Yes that's correct (except that numstart is the name of an argument in the qpgraph() function). For most graphs and f-statistics, this isn't a big problem, since most sets of initial parameters will lead to a very similar best fit score and worst residual, and similar graph parameters. But sometimes the parameters that lead to the globally best fit of a certain topology are only found under some initial parameters but not others. You could check if that's the case by taking the best graph found via find_graphs() and evaluate it with results = qpgraph(f2stats, bestgraph, numstart = 1000). results$opt will show you a data frame where each row lists the resulting parameters and score (column value) of one set of initial parameters.

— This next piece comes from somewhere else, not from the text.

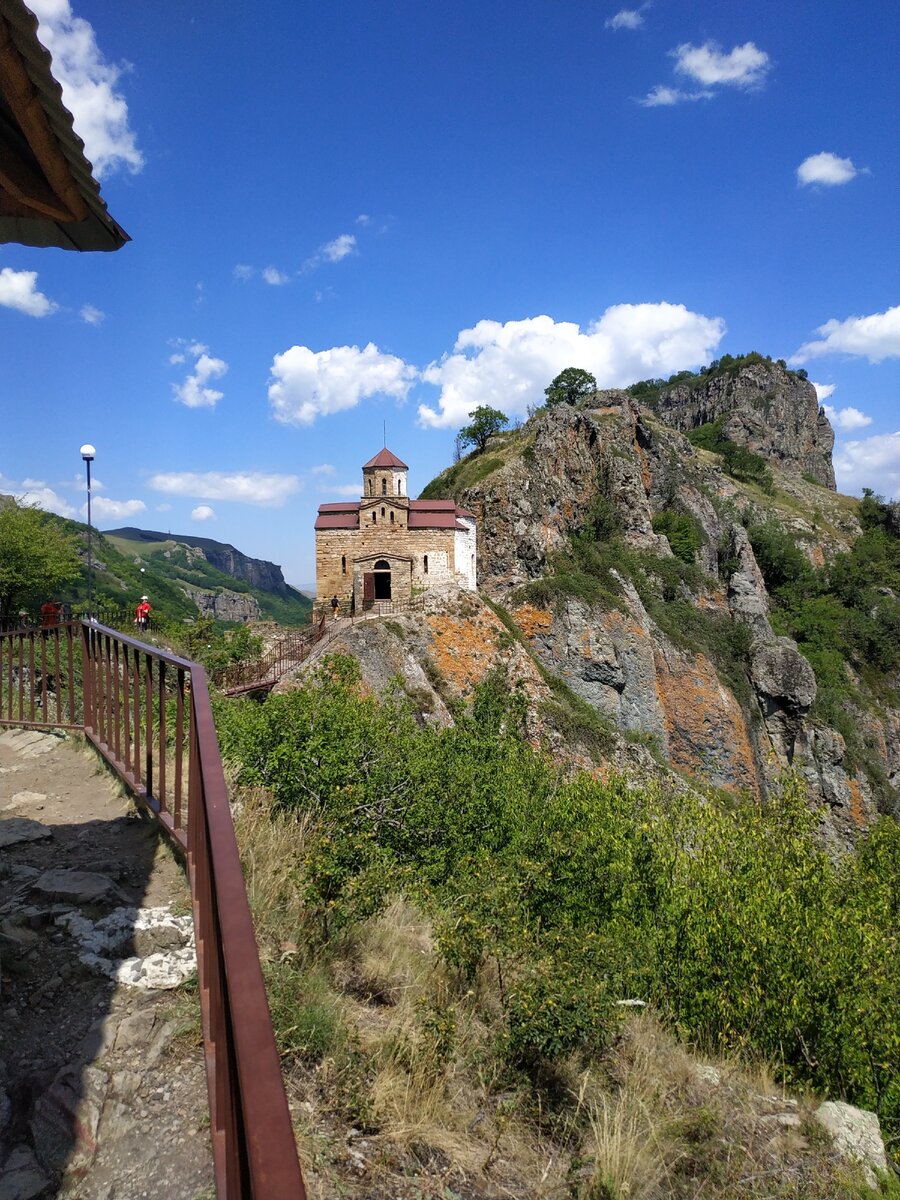 Красавец. Фото автора Ольги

How does the isomorphism_classes2() function identify identical graphs?

It starts by renaming the internal nodes of a graph so that graphs with the same topology and leaf node names, but different internal node names are considered identical. But looking at your graphs 1a and 1b, I wonder if the function has a bug, since these graphs look identical to me. If you don't want to share the labelled graphs here, you can send them to me via email. Or you could rename the graphs as I described above!

theo-atkinson commented 4 months ago

Hi,

I have run qpgraph() again on these graphs using numstart=1000 but have now noticed that the score for graph 1b is actually 18.7658 despite find_graphs() output showing a score of 13.2. This would explain the inflated worst residual but not the identical graph and topology. This seems to be the case for the other graphs with inflated worst residuals that I have checked. It sounds like some kind of error when saving the best graph from each find_graphs() iteration but I've looked at my script and can't seem to find the cause.

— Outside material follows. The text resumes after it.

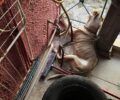 Σαλαμίνα: Βρήκαν σκύλο σκελετωμένο νεκρό στα κάγκελα σπιτιού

I have sent you an email with the fstats and script.

Thanks!

uqrmaie1 commented 4 months ago

For anyone else who comes across this thread:

The different scores and inconsistent results for graphs 1a and 1b between qpgraph_resample_multi() and compare_fits() were due to the fact that the f3-statistics for both graphs were calculated with respect to different base populations. By default, the f3 base population is chosen based on the edge order of a graph, which can be different even for graphs with identical topology. In cases like this one, where the fit of a graph is affected by the choice of f3-base-population, it can be manually set with the f3basepop argument: qpgraph(f2_stats, graph, f3basepop = "chimp"). In the latest release (v2.0.2), find_graphs() evaluates all graphs in the same run using the same f3basepop, so graphs with identical topology should have more similar fits (different fits for the same graph and f-statistics are still not always exactly identical because different random starting parameters can lead to different results).

Graphs 1a and 1b were considered non-identical due to a bug in isomorphism_classes2(), which is now fixed.